For example, if we survey 1000 people, and 10 of them are bank tellers, the fraction that work as bank tellers is 0.01 or 1\%. If we choose a person from this population at random, the probability that they are a bank teller is 1\%. (By ``at random'' I mean that every person in the population has the same chance of being chosen.)
In this example, the population is finite, so we can compute probabilities by counting. To demonstrate, and to get back to the Linda problem, I'll use a data set from the General Social Survey\footnote{See \url{http://gss.norc.org/}} (GSS).
As you will see in the Jupyter notebook for this chapter, I downloaded a dataset with a population of 50,287 people who responded to the survey. For each respondent I extract the following variables:
\begin{description}
\item[female]: \py{True} if the respondent is female, \py{False} otherwise.
\item[liberal]: \py{True} if the respondent self-identifies as liberal.
\item[democrat]: \py{True} if the respondent self-identifies as a Democrat, that is, a member of the Democratic Party in the United States.
\item[banker]: \py{True} if the respondent works in banking.
\end{description}
Each of these variables is a Series object, which is defined by Pandas. If you are not familiar with Pandas, I will explain what you need to know as we go along.

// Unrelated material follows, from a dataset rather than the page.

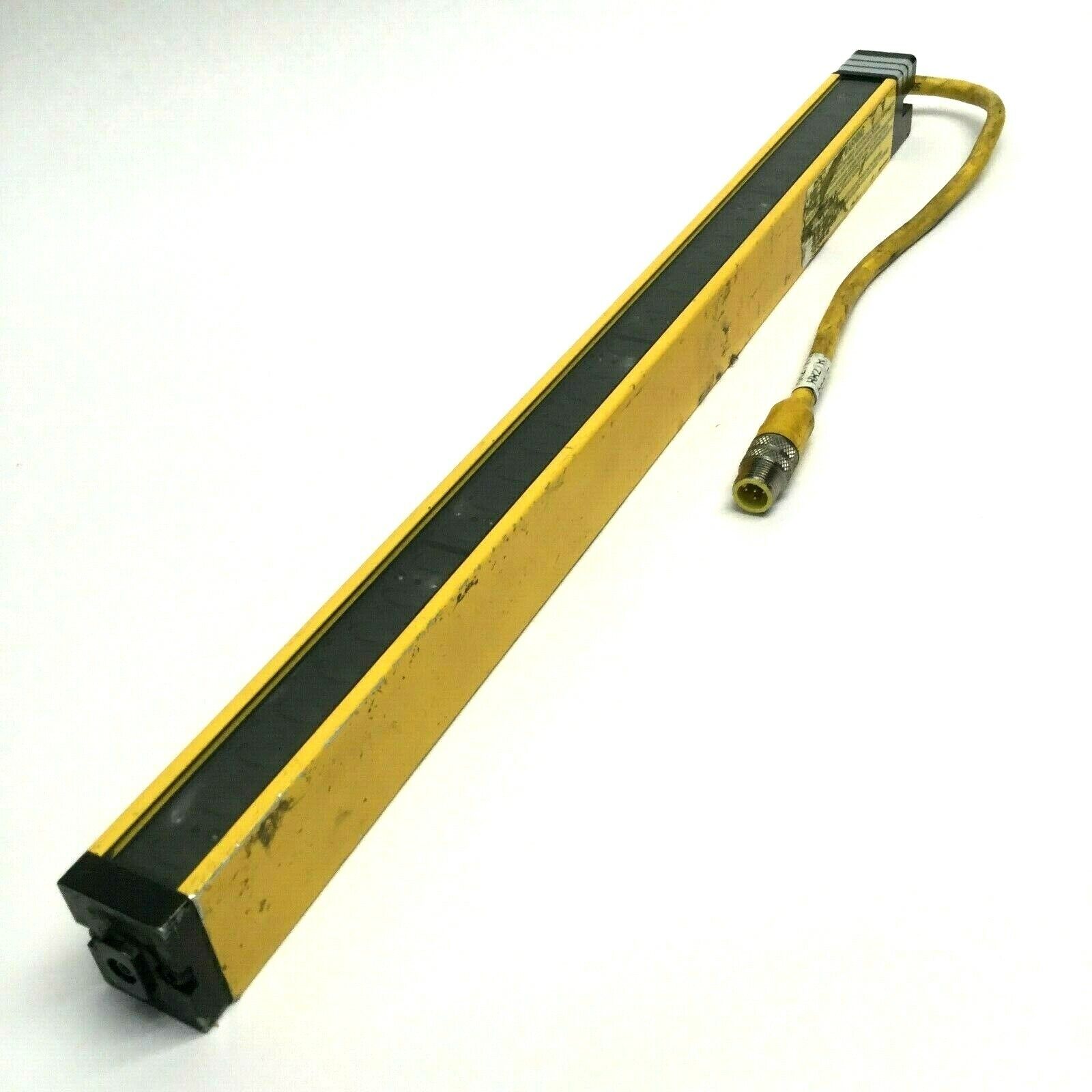 Banner USR1624YP2 Micro Screen Light Curtain Receiver 49608 - Maverick Industrial Sales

To compute the number of respondents who are bankers, we could use a for loop:
\begin{code}
total = 0
for x in banker:
if x is True:
total += 1
\end{code}
But it is easier to use methods provided by Series. For example, \py{sum} computes the total of the elements in the Series, treating \py{True} as 1 and \py{False} as 0. So we can replace the for loop with:
\begin{code}
total = banker.sum()
\end{code}
To get a probability, we could divide the total by the length of the Series:
\begin{code}
prob = total / len(banker)
\end{code}
Or we could use the Series method \py{mean}, which computes the mean of the elements, again treating \py{True} as 1 and \py{False} as 0:
\begin{code}
prob = banker.mean()
\end{code}
To make the code more readable, I'll define a function that computes the fraction of \py{True} values in a Series:
\begin{code}
def prob(A):
return A.mean()
\end{code}
Then we can compute a probability for each variable:
\begin{code}
prob(female)
0.5385487302881461
prob(liberal)
0.14741384453238413
prob(democrat)
0.36639688189790603
prob(banker)
0.014536560144769025
\end{code}
In this dataset, about 54\% of respondents are female, 15\% say they are liberal, 37\% say they are Democrats, and 1.5\% work in banking.
The mathematical notation for probability is $\p{A}$, where $A$ represents a fact which might be true or false, or a prediction that might come true or not. In the example, $\p{banker}$ is the probability that a random respondent is a banker.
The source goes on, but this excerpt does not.